“I confess freely that I cut his throat with a carving knife..

“…in the morning I shall make the short walk from this condemned cell to the gallows here at Newgate. I understand the scaffold has been erected in the yard, inside the prison walls, not outside in the street. Is that so?”

Chatty convict James Mills seems remarkably relaxed on the eve of his execution, coolly reminiscing about his brutal murder of a man he felt had wronged him, so it’s left to Inspector Benjamin Ross to enquire why the prisoner has dragged him away from his Sunday roast, if not to beg for clemency.

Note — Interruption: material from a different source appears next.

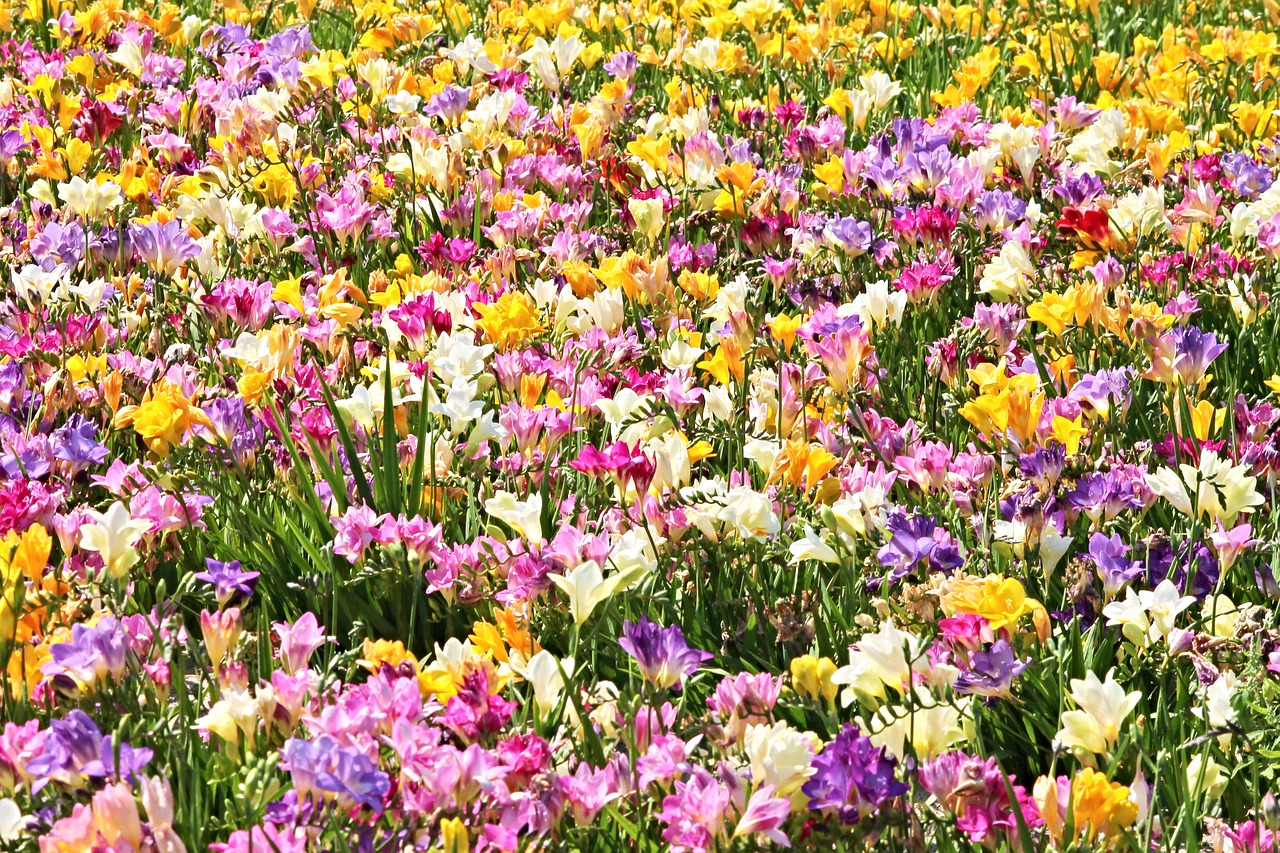 freesias field of flowers sea of flowers free photo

Thus begins a most surprising tale of a murder witnessed in secret sixteen years before…

What’s it about?

When a convicted murderer claims, on the eve of his own state-sanctioned death, to have unexpectedly witnessed a separate murder in 1852, Inspector Ben Ross is told by his superiors to ignore it. Surely Mills made up the tale for his own entertainment, or else why didn’t he report it at the time? Furthermore, even if such an unlikely tale were true, who could investigate such a vague and unsubstantiated tale? Police resources are limited and there’s a wealthy husband seeking his missing wife and child.

Luckily, Ben’s wife, Lizzie, is just as keen to investigate as her husband. With her maid, Bessie, she pursues the story to Putney Heath and becomes convinced that Mills told the truth: there was a murder and justice must be done…

What’s it like?

This was an enjoyable ‘cosy crime’ with lots of chatter between characters and plenty of flashes of humour. (“I told [the prison chaplain] I had confessed; and did not see that I was obliged to repent as well!”)

I liked the characters and, although this story is part of a series featuring the official and amateur sleuth, it was absolutely readable as a standalone work. That said, the final chapter, featuring Lizzie, her aunt Parry and her nephew, Frank, was completely unnecessary and presumably present purely for the enjoyment of long term series readers.

I found the dialogue a little unconvincing in places, obviously designed to inform the reader of interesting or relevant bits of London history (as in the example above, where the hanged man and the Inspector discuss the recent decision to remove hangings from the public gaze), but this didn’t detract significantly from my enjoyment of the story, perhaps because the details selected were genuinely interesting!

Final thoughts

I always enjoy Victorian mysteries and this was an intriguing premise, well executed. I’d be happy to read another in the same series and see what other crimes Ben, Lizzie and Bessie can solve together.